DATASET CONTENT =
● ● ●
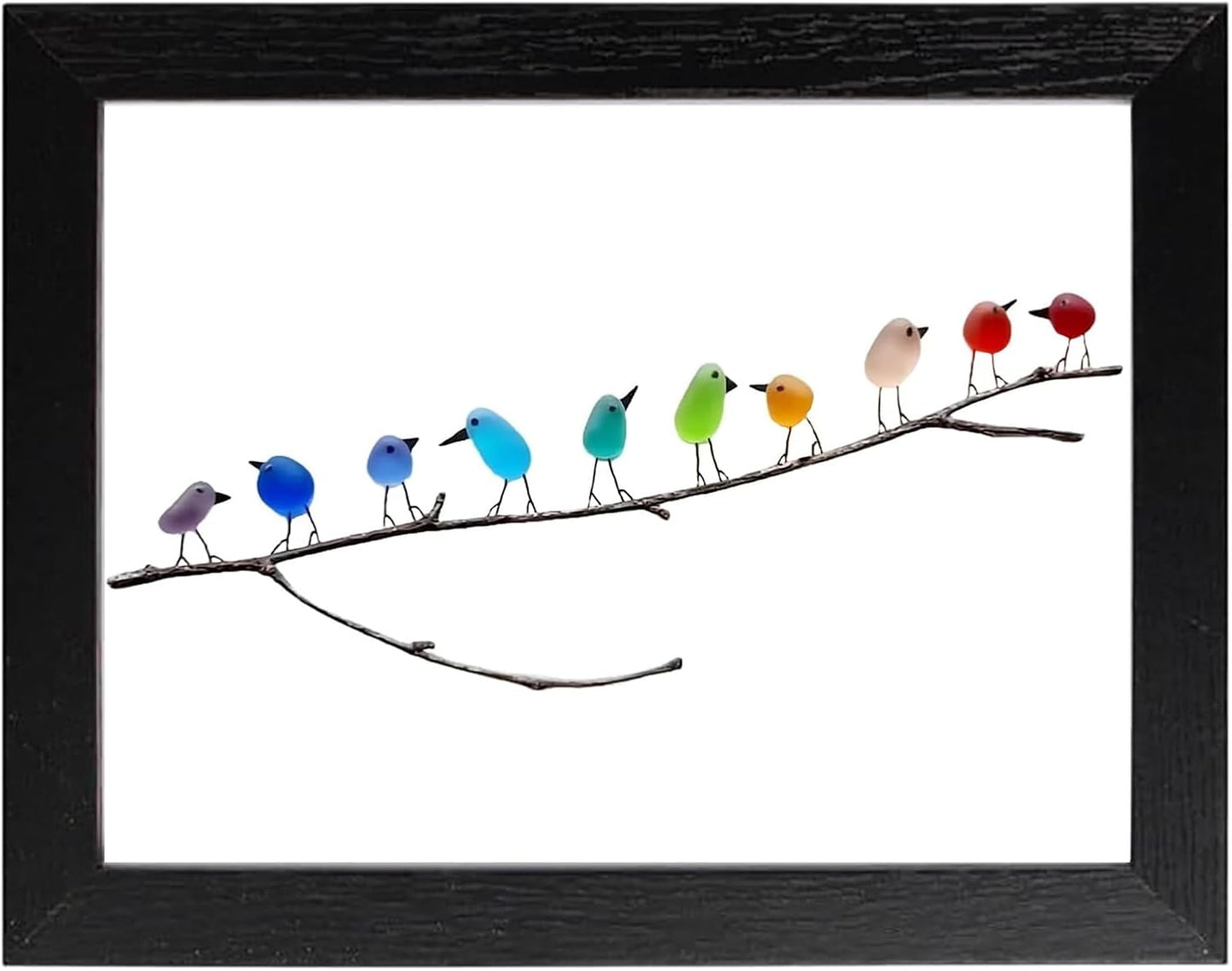 Handmade Sea Glass Wall Art Rainbow Birds Coastal Home Decor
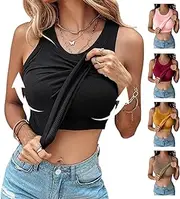 [YOHFRFGX] Chic-Me Tank Top with Bra, Tank Tops with Built in Bras, Round Neck Ribbed Tank Top with Bra Pads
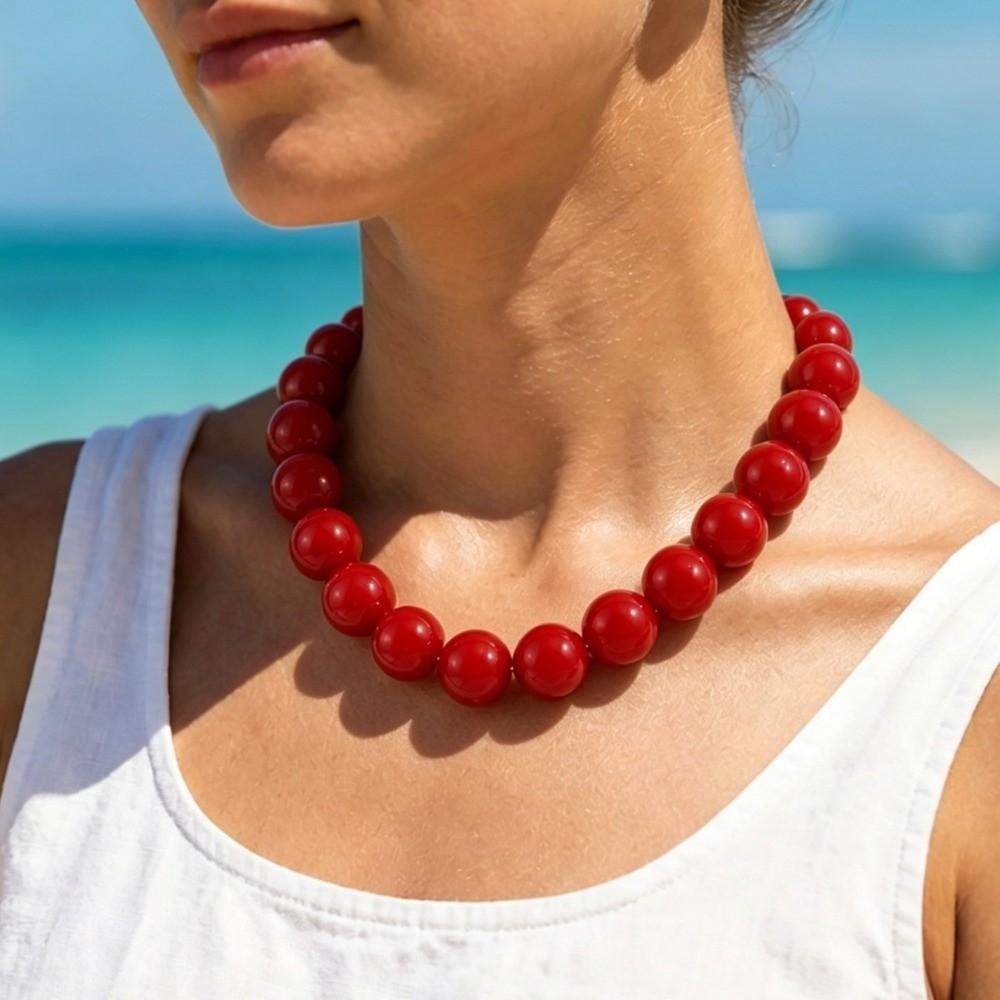 Colorful Beads Beaded Necklace Bohemian Style Pendant Jewelry Party Accessory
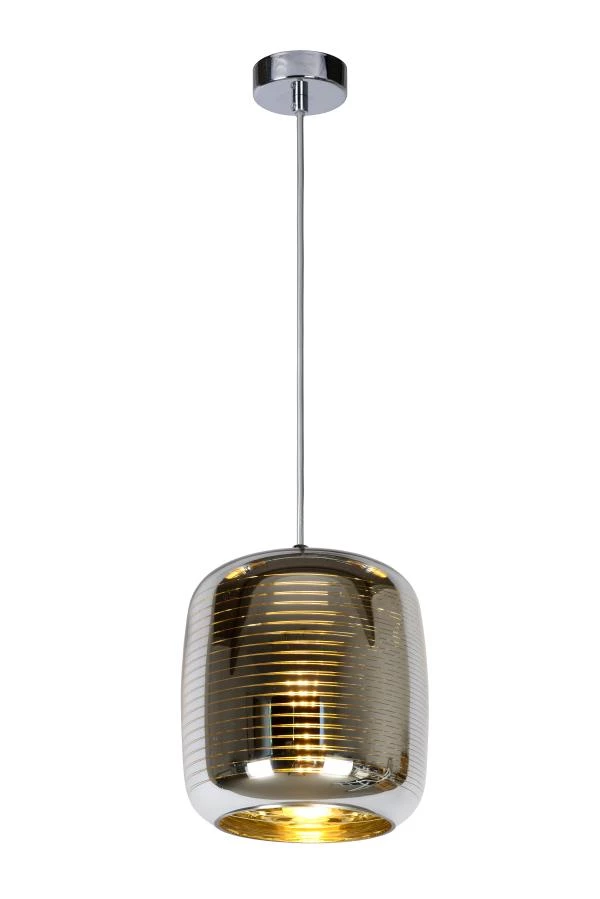 Lucide ERYN - Pendant light - Ø 20 cm - 1xE27 - Chrome - turned on 1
● ● ●
Leave the images out as you retype each line of the material exactly.

 Handmade Sea Glass Wall Art Rainbow Birds Coastal Home Decor
 [YOHFRFGX] Chic-Me Tank Top with Bra, Tank Tops with Built in Bras, Round Neck Ribbed Tank Top with Bra Pads
 Colorful Beads Beaded Necklace Bohemian Style Pendant Jewelry Party Accessory
 Lucide ERYN - Pendant light - Ø 20 cm - 1xE27 - Chrome - turned on 1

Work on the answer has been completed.